[Stored records]
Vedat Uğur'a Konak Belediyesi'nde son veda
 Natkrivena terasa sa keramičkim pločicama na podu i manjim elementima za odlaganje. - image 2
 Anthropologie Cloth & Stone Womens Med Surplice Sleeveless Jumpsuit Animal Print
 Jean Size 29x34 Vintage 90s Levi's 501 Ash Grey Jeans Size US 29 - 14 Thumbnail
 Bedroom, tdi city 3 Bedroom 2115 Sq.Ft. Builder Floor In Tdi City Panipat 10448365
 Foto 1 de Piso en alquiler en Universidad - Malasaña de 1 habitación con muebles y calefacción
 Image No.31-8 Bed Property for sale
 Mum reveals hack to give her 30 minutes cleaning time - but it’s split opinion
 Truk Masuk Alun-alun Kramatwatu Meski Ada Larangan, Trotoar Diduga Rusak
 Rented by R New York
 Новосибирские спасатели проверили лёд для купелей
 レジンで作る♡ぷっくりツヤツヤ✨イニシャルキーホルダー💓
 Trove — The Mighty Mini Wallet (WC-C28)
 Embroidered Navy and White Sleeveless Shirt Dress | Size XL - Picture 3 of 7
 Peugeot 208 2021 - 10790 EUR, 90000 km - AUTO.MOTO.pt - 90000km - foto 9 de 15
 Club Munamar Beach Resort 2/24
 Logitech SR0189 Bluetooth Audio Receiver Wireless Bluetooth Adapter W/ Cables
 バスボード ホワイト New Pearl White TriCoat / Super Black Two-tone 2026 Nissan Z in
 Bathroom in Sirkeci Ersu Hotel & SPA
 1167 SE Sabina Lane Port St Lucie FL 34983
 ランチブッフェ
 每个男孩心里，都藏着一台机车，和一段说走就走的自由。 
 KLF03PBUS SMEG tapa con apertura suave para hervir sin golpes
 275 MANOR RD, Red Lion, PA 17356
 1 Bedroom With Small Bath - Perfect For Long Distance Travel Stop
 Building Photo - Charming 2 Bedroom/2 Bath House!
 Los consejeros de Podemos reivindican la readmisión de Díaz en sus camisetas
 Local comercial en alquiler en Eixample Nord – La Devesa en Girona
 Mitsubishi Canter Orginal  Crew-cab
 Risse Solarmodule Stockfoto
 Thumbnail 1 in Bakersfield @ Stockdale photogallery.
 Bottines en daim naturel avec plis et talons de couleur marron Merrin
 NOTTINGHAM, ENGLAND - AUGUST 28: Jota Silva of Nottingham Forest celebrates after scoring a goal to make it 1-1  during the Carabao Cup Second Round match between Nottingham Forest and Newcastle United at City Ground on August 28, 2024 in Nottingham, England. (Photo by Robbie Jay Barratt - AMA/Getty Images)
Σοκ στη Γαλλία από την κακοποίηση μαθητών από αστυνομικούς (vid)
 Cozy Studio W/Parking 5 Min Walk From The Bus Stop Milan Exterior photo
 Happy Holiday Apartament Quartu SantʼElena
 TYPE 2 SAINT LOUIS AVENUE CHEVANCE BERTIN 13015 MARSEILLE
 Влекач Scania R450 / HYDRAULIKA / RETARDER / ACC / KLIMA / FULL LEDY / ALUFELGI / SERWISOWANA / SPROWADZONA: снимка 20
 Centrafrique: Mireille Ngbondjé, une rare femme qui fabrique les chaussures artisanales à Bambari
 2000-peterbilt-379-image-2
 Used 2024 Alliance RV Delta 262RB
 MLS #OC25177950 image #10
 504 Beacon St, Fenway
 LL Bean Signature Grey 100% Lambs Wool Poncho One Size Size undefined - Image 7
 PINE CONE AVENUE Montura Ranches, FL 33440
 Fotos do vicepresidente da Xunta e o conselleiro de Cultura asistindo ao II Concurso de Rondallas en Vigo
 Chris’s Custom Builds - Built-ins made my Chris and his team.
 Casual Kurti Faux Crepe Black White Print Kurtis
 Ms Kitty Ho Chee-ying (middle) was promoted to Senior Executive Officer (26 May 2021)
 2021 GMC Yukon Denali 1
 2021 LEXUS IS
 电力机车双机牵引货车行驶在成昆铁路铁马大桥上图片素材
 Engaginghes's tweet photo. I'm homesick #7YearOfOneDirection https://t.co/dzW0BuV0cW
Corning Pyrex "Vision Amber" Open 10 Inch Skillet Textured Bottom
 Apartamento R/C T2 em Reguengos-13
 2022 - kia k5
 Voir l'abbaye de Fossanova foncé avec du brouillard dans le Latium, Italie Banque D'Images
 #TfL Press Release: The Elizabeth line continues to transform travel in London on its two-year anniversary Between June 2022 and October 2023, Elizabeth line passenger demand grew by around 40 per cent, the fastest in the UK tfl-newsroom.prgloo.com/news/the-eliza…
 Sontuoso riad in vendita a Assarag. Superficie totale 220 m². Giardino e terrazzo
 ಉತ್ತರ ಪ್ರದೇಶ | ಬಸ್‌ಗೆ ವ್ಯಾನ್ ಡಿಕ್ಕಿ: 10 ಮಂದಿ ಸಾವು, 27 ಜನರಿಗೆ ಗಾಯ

YOUR INSTRUCTIONS
Take the entries above and copy them out exactly.

RESULT OF THIS TASK
Vedat Uğur'a Konak Belediyesi'nde son veda
 Natkrivena terasa sa keramičkim pločicama na podu i manjim elementima za odlaganje. - image 2
 Anthropologie Cloth & Stone Womens Med Surplice Sleeveless Jumpsuit Animal Print
 Jean Size 29x34 Vintage 90s Levi's 501 Ash Grey Jeans Size US 29 - 14 Thumbnail
 Bedroom, tdi city 3 Bedroom 2115 Sq.Ft. Builder Floor In Tdi City Panipat 10448365
 Foto 1 de Piso en alquiler en Universidad - Malasaña de 1 habitación con muebles y calefacción
 Image No.31-8 Bed Property for sale
 Mum reveals hack to give her 30 minutes cleaning time - but it’s split opinion
 Truk Masuk Alun-alun Kramatwatu Meski Ada Larangan, Trotoar Diduga Rusak
 Rented by R New York
 Новосибирские спасатели проверили лёд для купелей
 レジンで作る♡ぷっくりツヤツヤ✨イニシャルキーホルダー💓
 Trove — The Mighty Mini Wallet (WC-C28)
 Embroidered Navy and White Sleeveless Shirt Dress | Size XL - Picture 3 of 7
 Peugeot 208 2021 - 10790 EUR, 90000 km - AUTO.MOTO.pt - 90000km - foto 9 de 15
 Club Munamar Beach Resort 2/24
 Logitech SR0189 Bluetooth Audio Receiver Wireless Bluetooth Adapter W/ Cables
 バスボード ホワイト New Pearl White TriCoat / Super Black Two-tone 2026 Nissan Z in
 Bathroom in Sirkeci Ersu Hotel & SPA
 1167 SE Sabina Lane Port St Lucie FL 34983
 ランチブッフェ
 每个男孩心里，都藏着一台机车，和一段说走就走的自由。 
 KLF03PBUS SMEG tapa con apertura suave para hervir sin golpes
 275 MANOR RD, Red Lion, PA 17356
 1 Bedroom With Small Bath - Perfect For Long Distance Travel Stop
 Building Photo - Charming 2 Bedroom/2 Bath House!
 Los consejeros de Podemos reivindican la readmisión de Díaz en sus camisetas
 Local comercial en alquiler en Eixample Nord – La Devesa en Girona
 Mitsubishi Canter Orginal  Crew-cab
 Risse Solarmodule Stockfoto
 Thumbnail 1 in Bakersfield @ Stockdale photogallery.
 Bottines en daim naturel avec plis et talons de couleur marron Merrin
 NOTTINGHAM, ENGLAND - AUGUST 28: Jota Silva of Nottingham Forest celebrates after scoring a goal to make it 1-1  during the Carabao Cup Second Round match between Nottingham Forest and Newcastle United at City Ground on August 28, 2024 in Nottingham, England. (Photo by Robbie Jay Barratt - AMA/Getty Images)
Σοκ στη Γαλλία από την κακοποίηση μαθητών από αστυνομικούς (vid)
 Cozy Studio W/Parking 5 Min Walk From The Bus Stop Milan Exterior photo
 Happy Holiday Apartament Quartu SantʼElena
 TYPE 2 SAINT LOUIS AVENUE CHEVANCE BERTIN 13015 MARSEILLE
 Влекач Scania R450 / HYDRAULIKA / RETARDER / ACC / KLIMA / FULL LEDY / ALUFELGI / SERWISOWANA / SPROWADZONA: снимка 20
 Centrafrique: Mireille Ngbondjé, une rare femme qui fabrique les chaussures artisanales à Bambari
 2000-peterbilt-379-image-2
 Used 2024 Alliance RV Delta 262RB
 MLS #OC25177950 image #10
 504 Beacon St, Fenway
 LL Bean Signature Grey 100% Lambs Wool Poncho One Size Size undefined - Image 7
 PINE CONE AVENUE Montura Ranches, FL 33440
 Fotos do vicepresidente da Xunta e o conselleiro de Cultura asistindo ao II Concurso de Rondallas en Vigo
 Chris’s Custom Builds - Built-ins made my Chris and his team.
 Casual Kurti Faux Crepe Black White Print Kurtis
 Ms Kitty Ho Chee-ying (middle) was promoted to Senior Executive Officer (26 May 2021)
 2021 GMC Yukon Denali 1
 2021 LEXUS IS
 电力机车双机牵引货车行驶在成昆铁路铁马大桥上图片素材
 Engaginghes's tweet photo. I'm homesick #7YearOfOneDirection https://t.co/dzW0BuV0cW
Corning Pyrex "Vision Amber" Open 10 Inch Skillet Textured Bottom
 Apartamento R/C T2 em Reguengos-13
 2022 - kia k5
 Voir l'abbaye de Fossanova foncé avec du brouillard dans le Latium, Italie Banque D'Images
 #TfL Press Release: The Elizabeth line continues to transform travel in London on its two-year anniversary Between June 2022 and October 2023, Elizabeth line passenger demand grew by around 40 per cent, the fastest in the UK tfl-newsroom.prgloo.com/news/the-eliza…
 Sontuoso riad in vendita a Assarag. Superficie totale 220 m². Giardino e terrazzo
 ಉತ್ತರ ಪ್ರದೇಶ | ಬಸ್‌ಗೆ ವ್ಯಾನ್ ಡಿಕ್ಕಿ: 10 ಮಂದಿ ಸಾವು, 27 ಜನರಿಗೆ ಗಾಯ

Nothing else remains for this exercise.